Early in the show, the curators give pride of place to a small sketch Lautner made in 1946 for a guesthouse in Los Angeles. It shows a roof seeming to emerge from the ground and then arcing like a rainbow over the main living area. Though the project was ultimately built to a different design, the sketch neatly sums up the idea that, from the earliest stages of his solo work, Lautner was envisioning a kind of architecture inspired by the forms of nature but achievable only with the help of sophisticated 20th century engineering.

An idea’s time arrives

As Lautner, whose professional heroes included Pier Luigi Nervi, Felix Candela and other engineer-designers, waited for new construction technology to come of age, he was content to build in a lower gear. (His brilliantly compact, wood-lined 1949 Schaffer house in Montrose, for example, has no airborne aspirations whatsoever.)

Then, once huge “flying” concrete shells became buildable, they formed the heart of Lautner’s residential work. In that sense, he was waiting all his career to realize some version of that 1946 guesthouse design, and his true contemporary heirs are engineer-architects such as the Spaniard Santiago Calatrava.

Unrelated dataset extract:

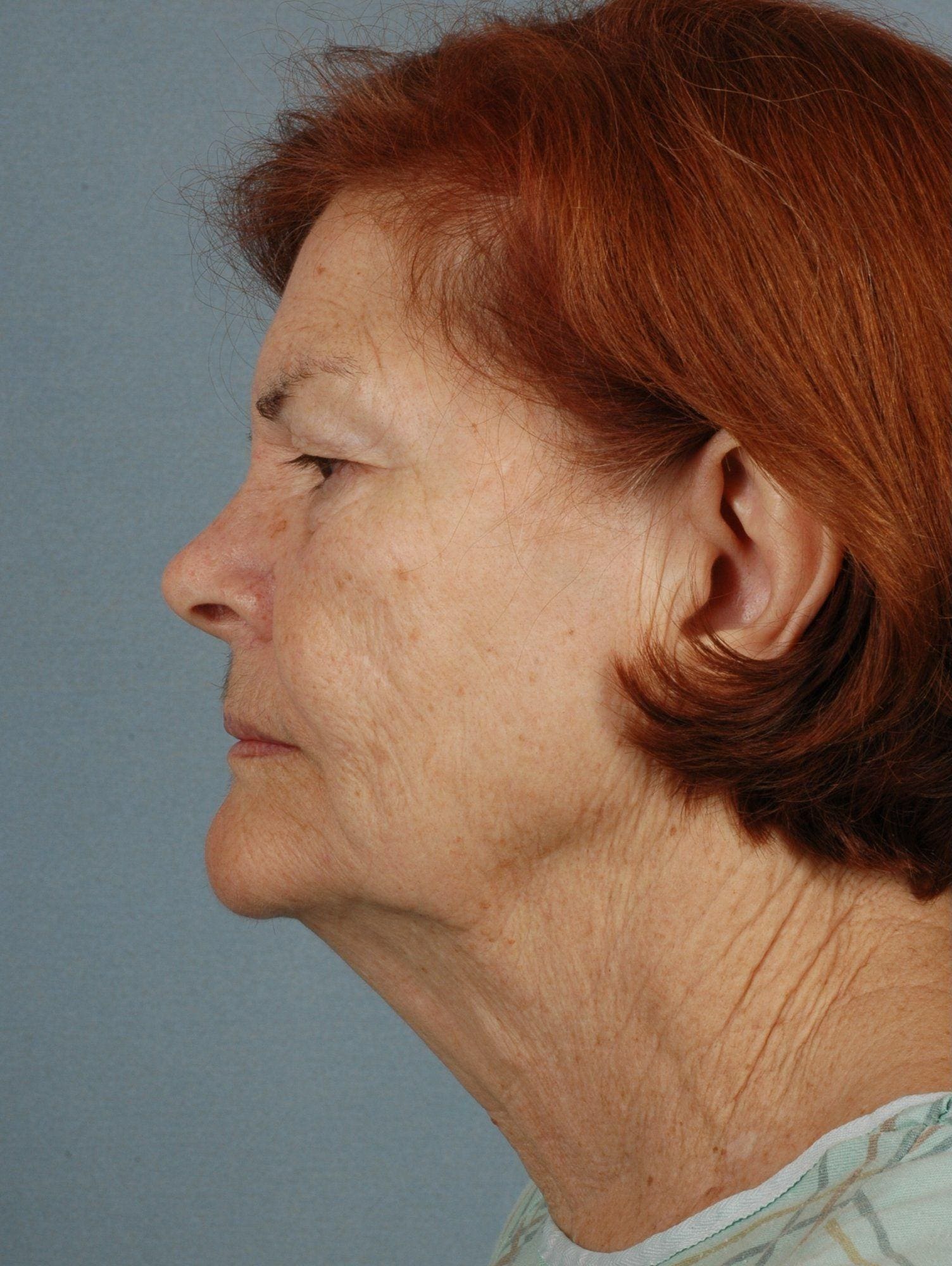 Facelift Patient Photo - Case 15295 - before view-1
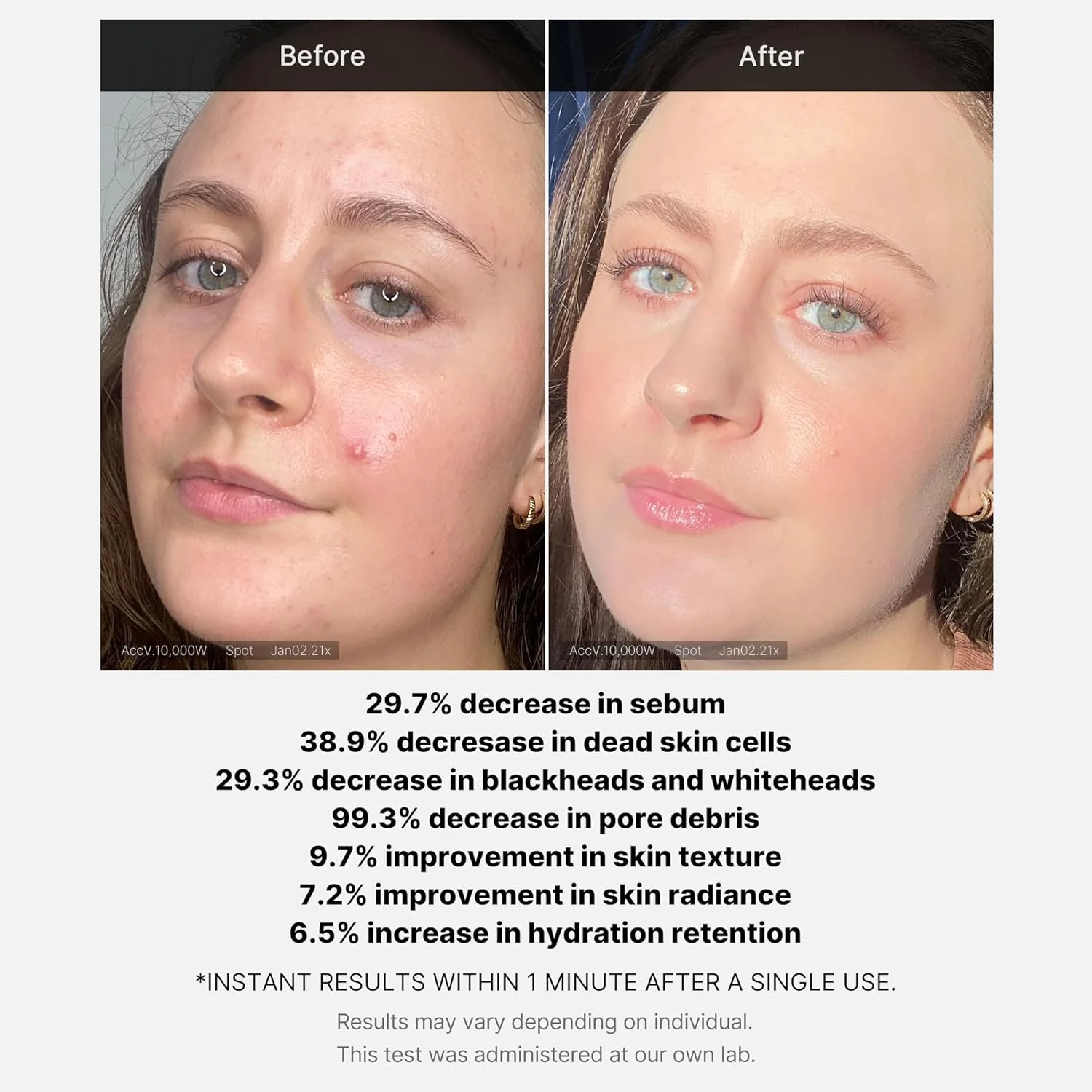 Medicube Red Acne Succinic Acid Peel 40ml - Image 4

The show combines sketches and architectural plans from Lautner’s archive, which is now owned by the Getty Research Institute, with oversized wooden models and elegant, mute short films, by the documentarian Murray Grigor, of six significant houses. Drawings are propped up on pedestals meant to look like recently unpacked boxes from the Lautner archive; they are fixed under glass with bits of tape, which are not actually stuck to the paper below. (It only looks that way.)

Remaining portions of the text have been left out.